◆ Required action
Find the line that contains "Lincoln Nebraska city". Copy it and every line after it to the end of the material below, exactly, with no pictures.
Segment Start: Data to process
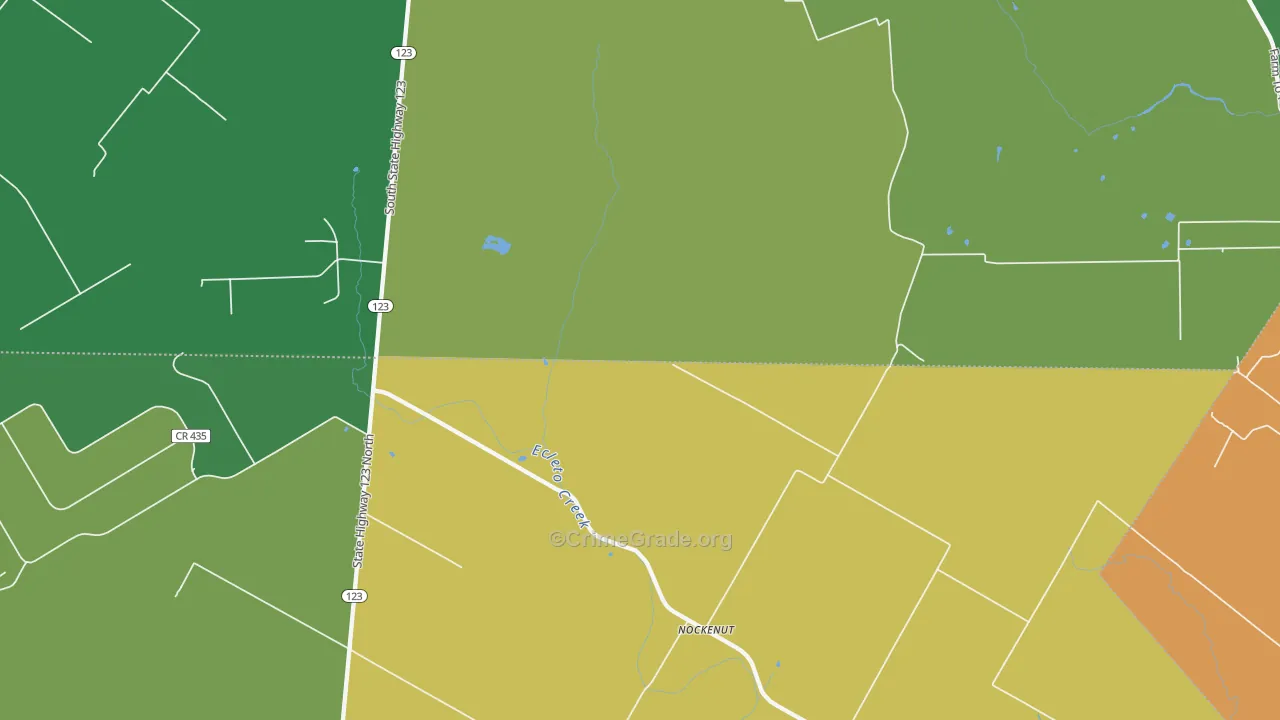 Nockenut, TX Map of Burglary Rates
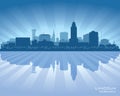 Lincoln Nebraska city skyline vector silhouette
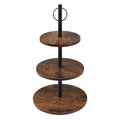 Cupcake Stand, 3 Tier Wood Cake Stands Rustic Cupcake Tower, Round Tiered Tray Stand for Dessert Table Display, Industrial Wooden Serving Stand Wedding, Graduation and Baby Shower (Zhong 1Pack) - color: Zhong 1pack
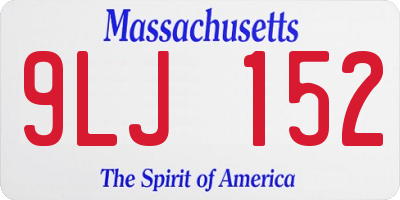 MA license plate 9LJ152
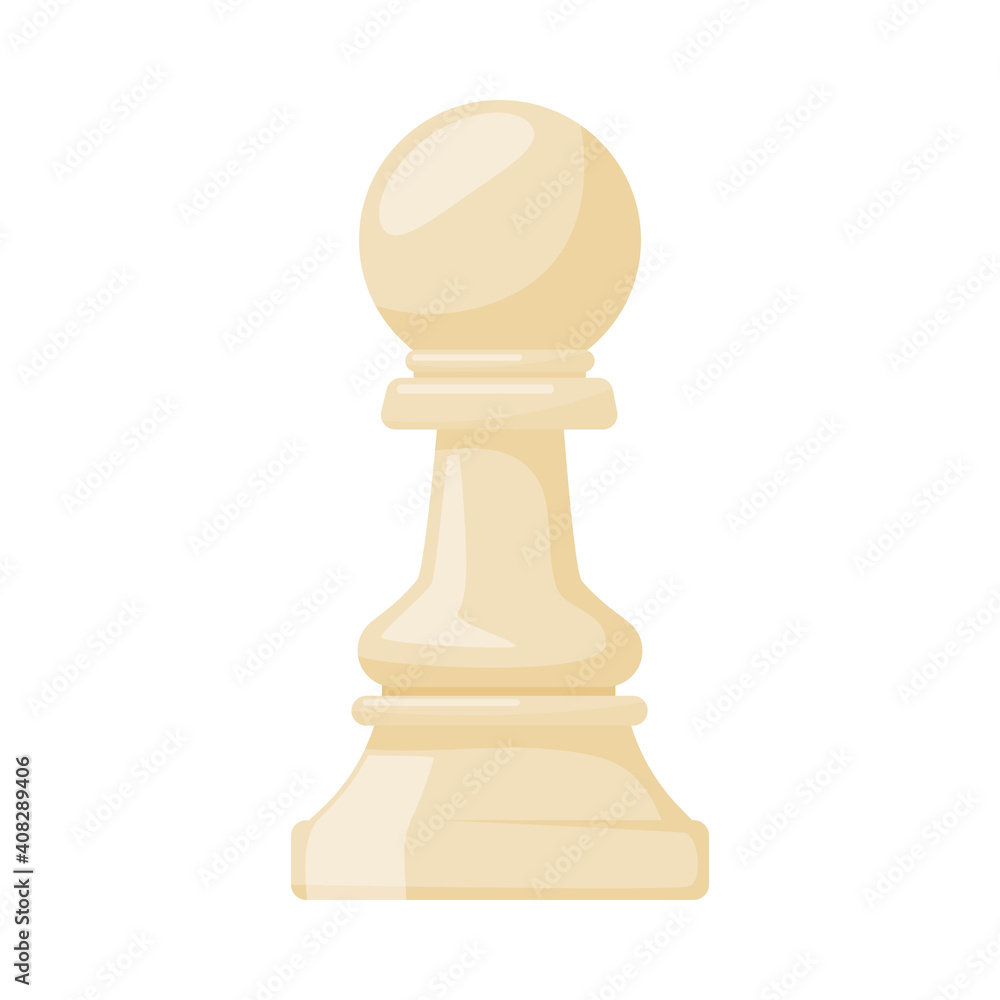 White Pawn as Chess Piece or Chessman Vector Illustration White Pawn as Chess Piece or Chessman Vector Illustration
Segment End: Data to process
◆ Answer to this exercise
 Lincoln Nebraska city skyline vector silhouette
 Cupcake Stand, 3 Tier Wood Cake Stands Rustic Cupcake Tower, Round Tiered Tray Stand for Dessert Table Display, Industrial Wooden Serving Stand Wedding, Graduation and Baby Shower (Zhong 1Pack) - color: Zhong 1pack
 MA license plate 9LJ152
 White Pawn as Chess Piece or Chessman Vector Illustration White Pawn as Chess Piece or Chessman Vector Illustration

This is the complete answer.